Likewise, concerted efforts to smear the characters of two
female investigate journalists in the same country are dismissed as intolerance
by the media for the views of anyone but their own.
This year, the campaign to end impunity will focus on the
plight of Guyanese newspaper columnist, Freddie Kissoon, who has been
physically attacked on more than one occasion, including instances in which he
has been punched and had faeces thrown on him. There is hardly a body of public
opinion signally outraged that despite very good clues, no one has ever been
brought to justice for these crimes.
Recognising that freedom of expression does not only include
the write to express oneself, but the right of others to seek and access such
expression, an act of impunity can also said to have prevailed when the state
broadcaster in Guyana deprived persons from one part of that country from
accessing its radio and television signals because of contentious budget cuts
owing much to the interventions of the political representatives of that region
of the country.
Acts of impunity may also occur when labour laws, the right
to associate and the right to assemble are breached. For example, there was the
recent case of a senior journalist in Grenada who was dismissed by his
Barbadian publisher on highly-contestable grounds related to a story he refused
to retract and which was later found to accurate. The conditions of his
dismissal appeared clearly to conflict with existing industrial relations norms
and there is the view that a level of passive complicity has been displayed by
the government of Grenada
as a response to what some contend is an act of injustice.

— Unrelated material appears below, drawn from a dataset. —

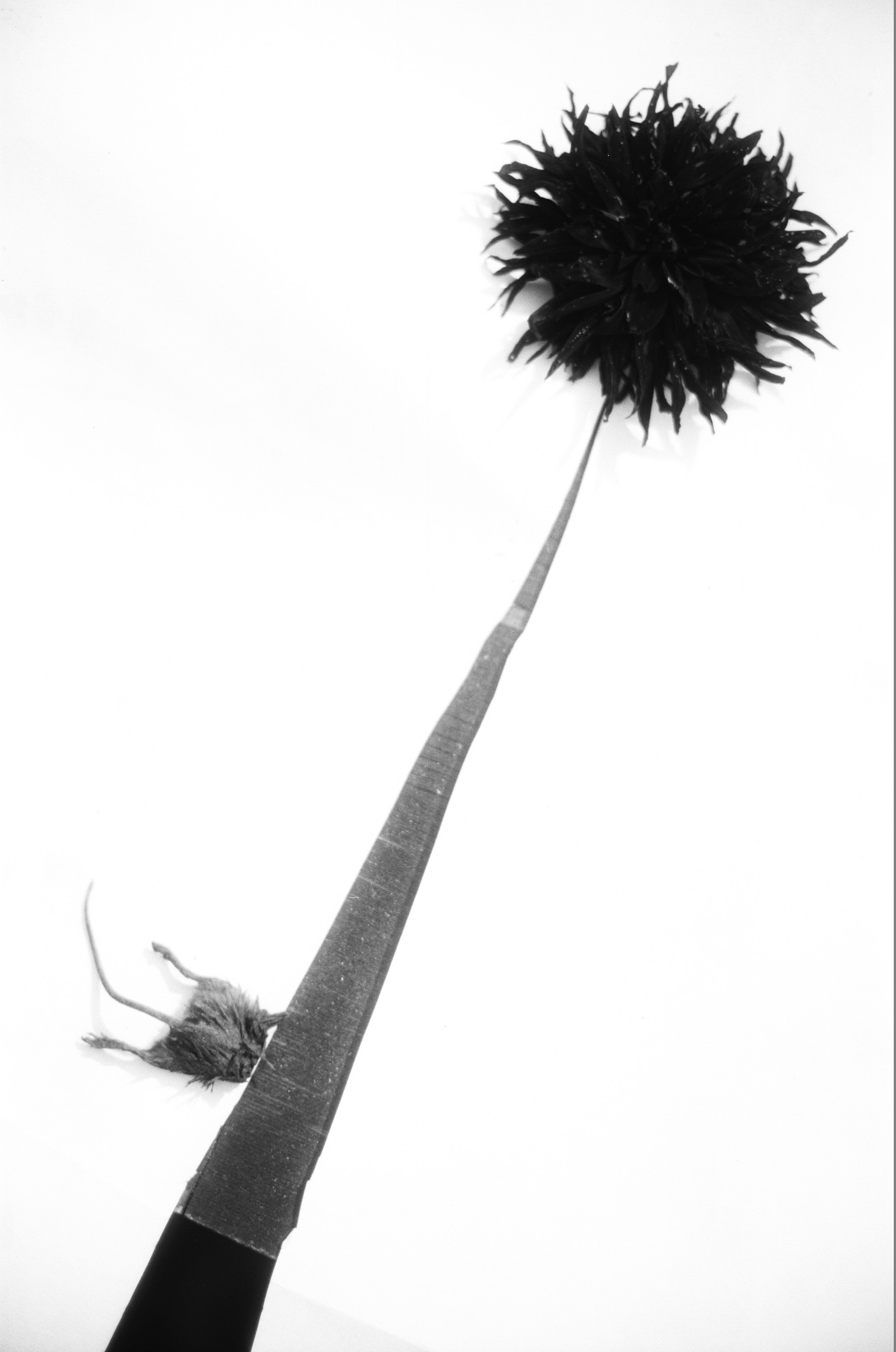 Иконическое. Избранное. Бесценное. Punctum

Many in the international free expression community
sometimes also have to be convinced that someone need not be killed, kidnapped,
tortured or jailed in order to be silenced. Silence can come from the loss of a
newspaper job, the fear of public castigation or shame when the threat of
embarrassing personal information looms and the manipulation of otherwise valid
regulatory conditions related to the operations of broadcasters.

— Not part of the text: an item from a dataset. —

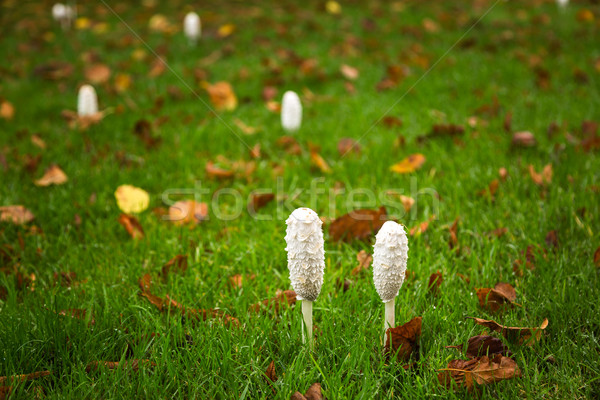 Stockfoto: Inkt · cap · nat · gras · twee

A culture of impunity can be said to be in existence,
according to the International Freedom of Expression Exchange (IFEX) “when
those who seek to control the freedom of expression of others do so knowing
that it is unlikely they will be held accountable for their actions.”
The impact of such a culture of impunity can be recognised
in the Caribbean environment without searching
very far. Despite our claims of public candour and overflowing creative
expression, there are taboo issues many would not touch, many of which
challenge existing political orders.
IFEX warns us that all of this can lead to a world in which
people are afraid to speak out. Where criticism is stifled. Where the hard
questions don’t get asked. Where the powerful don’t get challenged. The result
is a world where free expression is silenced.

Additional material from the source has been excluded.